Il est passé par ici, il repassera - peut-être - par là: depuis deux semaines, le loup du Mercantour joue à cache-cache avec le trappeur américain Carter Niemayer et son équipe, qui tentent de s'initier à l'art du piégeage à l'européenne
Saint-Etienne-de-Tinee (AFP) - Il est passé par ici, il repassera - peut-être - par là: depuis deux semaines, le loup du Mercantour joue à cache-cache avec le trappeur américain Carter Niemayer et son équipe, qui tentent de s'initier à l'art du piégeage "à l'européenne".
"Notre principale difficulté jusqu'à présent, c'est de repérer la meute. On ne sait pas exactement où elle est. Elle doit se balader entre la France et l'Italie", suppose le géant blond de deux mètres, dans son anglais frotté d'accent des Rocheuses américaines, où il a exercé pendant trente ans.
Trois, parmi la trentaine de loups installés dans le Mercantour, ont élu domicile il y a plusieurs années dans cette haute vallée de la Tinée, à une centaine de kilomètres de Nice et quelques battements d'aile d'Italie. Ce sont eux que le trappeur tente de capturer pour les équiper d'un collier émetteur destiné à étudier leur comportement.
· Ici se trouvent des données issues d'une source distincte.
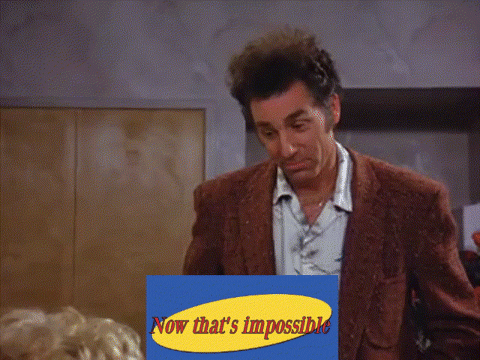 A Man In A Brown Suit Stands In Front Of A Blue Sign That Says Now That 'S Impossible GIF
"On a eu la semaine dernière un court épisode neigeux qui a ramené la meute côté français, où elle passe tout l'hiver, raconte Antoine Nochy, l'assistant français de Carter, qui s'est formé à ses côtés durant six ans. On avait rassemblé un bon faisceau de traces et là-dessus, pas de chance: plusieurs jours de pluie. Une calamité pour l'utilisation des pièges"!
Ces fameux pièges "à lacet", les seuls autorisés pour la capture des loups dans l'Union Européenne, n'en finissent pas de déconcerter le trappeur. Les 200 loups qu'il a capturés dans sa carrière l'ont tous été avec des pièges à mâchoire en caoutchouc, dont l'usage est généralisé aux Etats-Unis.
"Pour l'instant, avec les pièges européens, on n'a attrapé que des renards! s'exclame Carter Niemayer. Ces pièges sont beaucoup plus difficiles à régler en fonction du poids de l'animal qu'on veut piéger, plus longs et compliqués à installer et paradoxalement plus dangereux pour le loup car sans dispositif de sécurité pour l'empêcher de se blesser une fois pris".
Qu'importe ces réserves, il faut respecter le règlement et Carter Niemeyer s'est mis à "tout réapprendre" pour adapter son savoir à cette nouvelle technique.
Pour relever le défi, il a ses petits secrets auxquels il initie les agents du parc national du Mercantour et de l'Office national de la chasse et de la faune sauvage (ONCFS): l'idée de recourir à des genouillères, ou à une peau de bête, pour ne pas imprégner le sol de l'odeur humaine durant la pose du piège en épate plus d'un; l'utilisation d'un filtre à café, pour isoler le piège de la terre qui le recouvre, fait fureur.
Les mixtures "home-made" à base de glande anale de coyote ou d'urine de loup, utilisées comme leurres olfactifs pour attirer l'animal vers les pièges, font un triomphe.
Les Français scrutent chacun des gestes du trappeur avec attention car le compte à rebours est lancé: le 6 novembre, Carter Niemeyer sera reparti aux Etats-Unis. Ils ne pourront dès lors compter que sur eux-mêmes pour attraper les loups. L'autorisation de capture délivré par le ministère de l'Environnement est valable jusqu'au mois d'avril.
"L'hiver va arriver, le sol gelé va sensiblement nous compliquer la pose des pièges. Or le loup est intelligent, il ne faudra faire aucune erreur", prédit Jean-Pierre Bergeon, agent de l'ONCFS.
Son collègue Yannick Léonard va plus loin: "La technique, c'est une chose. Sur le terrain, il nous faudra fonctionner comme des loups".